• **Task prompt**: Please write out the data below once more, exactly as it stands.

**** Entries provided ****

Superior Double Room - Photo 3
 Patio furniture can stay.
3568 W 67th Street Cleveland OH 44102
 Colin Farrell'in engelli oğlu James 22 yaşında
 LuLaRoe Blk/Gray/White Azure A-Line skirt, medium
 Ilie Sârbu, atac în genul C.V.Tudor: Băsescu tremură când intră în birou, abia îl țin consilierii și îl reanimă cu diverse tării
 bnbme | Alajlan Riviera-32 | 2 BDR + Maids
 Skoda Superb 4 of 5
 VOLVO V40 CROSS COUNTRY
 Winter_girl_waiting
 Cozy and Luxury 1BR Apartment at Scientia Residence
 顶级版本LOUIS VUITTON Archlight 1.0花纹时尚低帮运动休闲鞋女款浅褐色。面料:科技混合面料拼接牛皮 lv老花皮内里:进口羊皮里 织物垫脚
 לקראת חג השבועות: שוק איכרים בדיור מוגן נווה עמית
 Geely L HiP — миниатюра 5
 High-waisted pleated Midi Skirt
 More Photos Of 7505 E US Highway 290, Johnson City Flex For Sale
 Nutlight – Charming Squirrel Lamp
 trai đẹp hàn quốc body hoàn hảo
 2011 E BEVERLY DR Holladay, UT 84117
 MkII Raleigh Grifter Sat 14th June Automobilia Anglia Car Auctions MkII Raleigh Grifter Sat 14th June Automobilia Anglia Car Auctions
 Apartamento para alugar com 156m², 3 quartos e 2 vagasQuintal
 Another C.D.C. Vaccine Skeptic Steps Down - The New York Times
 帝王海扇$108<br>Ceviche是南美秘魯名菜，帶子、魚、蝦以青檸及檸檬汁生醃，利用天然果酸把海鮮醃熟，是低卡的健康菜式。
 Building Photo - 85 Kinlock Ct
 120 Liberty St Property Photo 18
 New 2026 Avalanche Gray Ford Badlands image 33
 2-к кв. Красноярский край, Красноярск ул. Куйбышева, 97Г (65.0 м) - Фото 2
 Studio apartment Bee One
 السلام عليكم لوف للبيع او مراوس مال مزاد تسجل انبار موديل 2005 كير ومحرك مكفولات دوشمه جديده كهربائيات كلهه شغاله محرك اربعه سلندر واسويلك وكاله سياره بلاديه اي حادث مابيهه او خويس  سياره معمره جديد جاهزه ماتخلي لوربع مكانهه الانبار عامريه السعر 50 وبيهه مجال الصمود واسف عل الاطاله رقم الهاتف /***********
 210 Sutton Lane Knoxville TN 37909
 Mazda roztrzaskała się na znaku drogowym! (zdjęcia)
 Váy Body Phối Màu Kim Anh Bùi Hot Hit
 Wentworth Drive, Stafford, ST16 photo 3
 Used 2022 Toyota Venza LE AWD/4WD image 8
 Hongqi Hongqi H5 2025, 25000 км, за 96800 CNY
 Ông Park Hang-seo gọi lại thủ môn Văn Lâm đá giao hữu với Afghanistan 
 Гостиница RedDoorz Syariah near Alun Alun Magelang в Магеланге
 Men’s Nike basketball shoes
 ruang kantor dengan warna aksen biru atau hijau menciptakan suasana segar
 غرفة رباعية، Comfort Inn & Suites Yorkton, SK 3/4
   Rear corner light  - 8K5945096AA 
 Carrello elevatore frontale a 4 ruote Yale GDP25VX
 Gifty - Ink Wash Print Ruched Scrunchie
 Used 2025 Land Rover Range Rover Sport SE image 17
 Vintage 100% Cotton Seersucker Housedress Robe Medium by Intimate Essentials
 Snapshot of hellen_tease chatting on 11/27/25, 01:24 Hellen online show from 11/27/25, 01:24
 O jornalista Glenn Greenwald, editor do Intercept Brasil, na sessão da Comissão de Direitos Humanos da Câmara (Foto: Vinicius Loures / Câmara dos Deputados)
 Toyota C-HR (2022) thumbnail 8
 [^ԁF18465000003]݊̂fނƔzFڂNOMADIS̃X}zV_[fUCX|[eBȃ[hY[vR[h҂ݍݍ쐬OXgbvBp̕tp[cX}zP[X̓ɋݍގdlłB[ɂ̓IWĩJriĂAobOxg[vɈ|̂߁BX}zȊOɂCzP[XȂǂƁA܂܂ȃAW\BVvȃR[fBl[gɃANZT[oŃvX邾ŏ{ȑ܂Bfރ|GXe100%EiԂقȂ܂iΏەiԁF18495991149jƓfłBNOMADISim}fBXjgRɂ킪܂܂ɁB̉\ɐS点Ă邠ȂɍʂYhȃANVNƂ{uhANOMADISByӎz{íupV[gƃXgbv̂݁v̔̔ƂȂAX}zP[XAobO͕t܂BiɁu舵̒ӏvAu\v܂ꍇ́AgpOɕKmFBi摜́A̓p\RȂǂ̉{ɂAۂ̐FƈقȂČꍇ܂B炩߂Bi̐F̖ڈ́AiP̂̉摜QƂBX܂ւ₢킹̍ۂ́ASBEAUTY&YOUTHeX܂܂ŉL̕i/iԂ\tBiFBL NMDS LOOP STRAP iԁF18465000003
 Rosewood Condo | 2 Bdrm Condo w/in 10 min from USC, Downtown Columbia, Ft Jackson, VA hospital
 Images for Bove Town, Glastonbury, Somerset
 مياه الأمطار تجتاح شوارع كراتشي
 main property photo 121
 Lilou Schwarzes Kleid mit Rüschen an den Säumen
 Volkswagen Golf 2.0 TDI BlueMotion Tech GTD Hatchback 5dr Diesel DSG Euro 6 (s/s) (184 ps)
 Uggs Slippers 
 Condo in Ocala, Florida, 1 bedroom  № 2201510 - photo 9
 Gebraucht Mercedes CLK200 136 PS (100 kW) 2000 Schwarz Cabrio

****

• **Solution to this problem**:
Superior Double Room - Photo 3
 Patio furniture can stay.
3568 W 67th Street Cleveland OH 44102
 Colin Farrell'in engelli oğlu James 22 yaşında
 LuLaRoe Blk/Gray/White Azure A-Line skirt, medium
 Ilie Sârbu, atac în genul C.V.Tudor: Băsescu tremură când intră în birou, abia îl țin consilierii și îl reanimă cu diverse tării
 bnbme | Alajlan Riviera-32 | 2 BDR + Maids
 Skoda Superb 4 of 5
 VOLVO V40 CROSS COUNTRY
 Winter_girl_waiting
 Cozy and Luxury 1BR Apartment at Scientia Residence
 顶级版本LOUIS VUITTON Archlight 1.0花纹时尚低帮运动休闲鞋女款浅褐色。面料:科技混合面料拼接牛皮 lv老花皮内里:进口羊皮里 织物垫脚
 לקראת חג השבועות: שוק איכרים בדיור מוגן נווה עמית
 Geely L HiP — миниатюра 5
 High-waisted pleated Midi Skirt
 More Photos Of 7505 E US Highway 290, Johnson City Flex For Sale
 Nutlight – Charming Squirrel Lamp
 trai đẹp hàn quốc body hoàn hảo
 2011 E BEVERLY DR Holladay, UT 84117
 MkII Raleigh Grifter Sat 14th June Automobilia Anglia Car Auctions MkII Raleigh Grifter Sat 14th June Automobilia Anglia Car Auctions
 Apartamento para alugar com 156m², 3 quartos e 2 vagasQuintal
 Another C.D.C. Vaccine Skeptic Steps Down - The New York Times
 帝王海扇$108<br>Ceviche是南美秘魯名菜，帶子、魚、蝦以青檸及檸檬汁生醃，利用天然果酸把海鮮醃熟，是低卡的健康菜式。
 Building Photo - 85 Kinlock Ct
 120 Liberty St Property Photo 18
 New 2026 Avalanche Gray Ford Badlands image 33
 2-к кв. Красноярский край, Красноярск ул. Куйбышева, 97Г (65.0 м) - Фото 2
 Studio apartment Bee One
 السلام عليكم لوف للبيع او مراوس مال مزاد تسجل انبار موديل 2005 كير ومحرك مكفولات دوشمه جديده كهربائيات كلهه شغاله محرك اربعه سلندر واسويلك وكاله سياره بلاديه اي حادث مابيهه او خويس  سياره معمره جديد جاهزه ماتخلي لوربع مكانهه الانبار عامريه السعر 50 وبيهه مجال الصمود واسف عل الاطاله رقم الهاتف /***********
 210 Sutton Lane Knoxville TN 37909
 Mazda roztrzaskała się na znaku drogowym! (zdjęcia)
 Váy Body Phối Màu Kim Anh Bùi Hot Hit
 Wentworth Drive, Stafford, ST16 photo 3
 Used 2022 Toyota Venza LE AWD/4WD image 8
 Hongqi Hongqi H5 2025, 25000 км, за 96800 CNY
 Ông Park Hang-seo gọi lại thủ môn Văn Lâm đá giao hữu với Afghanistan 
 Гостиница RedDoorz Syariah near Alun Alun Magelang в Магеланге
 Men’s Nike basketball shoes
 ruang kantor dengan warna aksen biru atau hijau menciptakan suasana segar
 غرفة رباعية، Comfort Inn & Suites Yorkton, SK 3/4
   Rear corner light  - 8K5945096AA 
 Carrello elevatore frontale a 4 ruote Yale GDP25VX
 Gifty - Ink Wash Print Ruched Scrunchie
 Used 2025 Land Rover Range Rover Sport SE image 17
 Vintage 100% Cotton Seersucker Housedress Robe Medium by Intimate Essentials
 Snapshot of hellen_tease chatting on 11/27/25, 01:24 Hellen online show from 11/27/25, 01:24
 O jornalista Glenn Greenwald, editor do Intercept Brasil, na sessão da Comissão de Direitos Humanos da Câmara (Foto: Vinicius Loures / Câmara dos Deputados)
 Toyota C-HR (2022) thumbnail 8
 [^ԁF18465000003]݊̂fނƔzFڂNOMADIS̃X}zV_[fUCX|[eBȃ[hY[vR[h҂ݍݍ쐬OXgbvBp̕tp[cX}zP[X̓ɋݍގdlłB[ɂ̓IWĩJriĂAobOxg[vɈ|̂߁BX}zȊOɂCzP[XȂǂƁA܂܂ȃAW\BVvȃR[fBl[gɃANZT[oŃvX邾ŏ{ȑ܂Bfރ|GXe100%EiԂقȂ܂iΏەiԁF18495991149jƓfłBNOMADISim}fBXjgRɂ킪܂܂ɁB̉\ɐS点Ă邠ȂɍʂYhȃANVNƂ{uhANOMADISByӎz{íupV[gƃXgbv̂݁v̔̔ƂȂAX}zP[XAobO͕t܂BiɁu舵̒ӏvAu\v܂ꍇ́AgpOɕKmFBi摜́A̓p\RȂǂ̉{ɂAۂ̐FƈقȂČꍇ܂B炩߂Bi̐F̖ڈ́AiP̂̉摜QƂBX܂ւ₢킹̍ۂ́ASBEAUTY&YOUTHeX܂܂ŉL̕i/iԂ\tBiFBL NMDS LOOP STRAP iԁF18465000003
 Rosewood Condo | 2 Bdrm Condo w/in 10 min from USC, Downtown Columbia, Ft Jackson, VA hospital
 Images for Bove Town, Glastonbury, Somerset
 مياه الأمطار تجتاح شوارع كراتشي
 main property photo 121
 Lilou Schwarzes Kleid mit Rüschen an den Säumen
 Volkswagen Golf 2.0 TDI BlueMotion Tech GTD Hatchback 5dr Diesel DSG Euro 6 (s/s) (184 ps)
 Uggs Slippers 
 Condo in Ocala, Florida, 1 bedroom  № 2201510 - photo 9
 Gebraucht Mercedes CLK200 136 PS (100 kW) 2000 Schwarz Cabrio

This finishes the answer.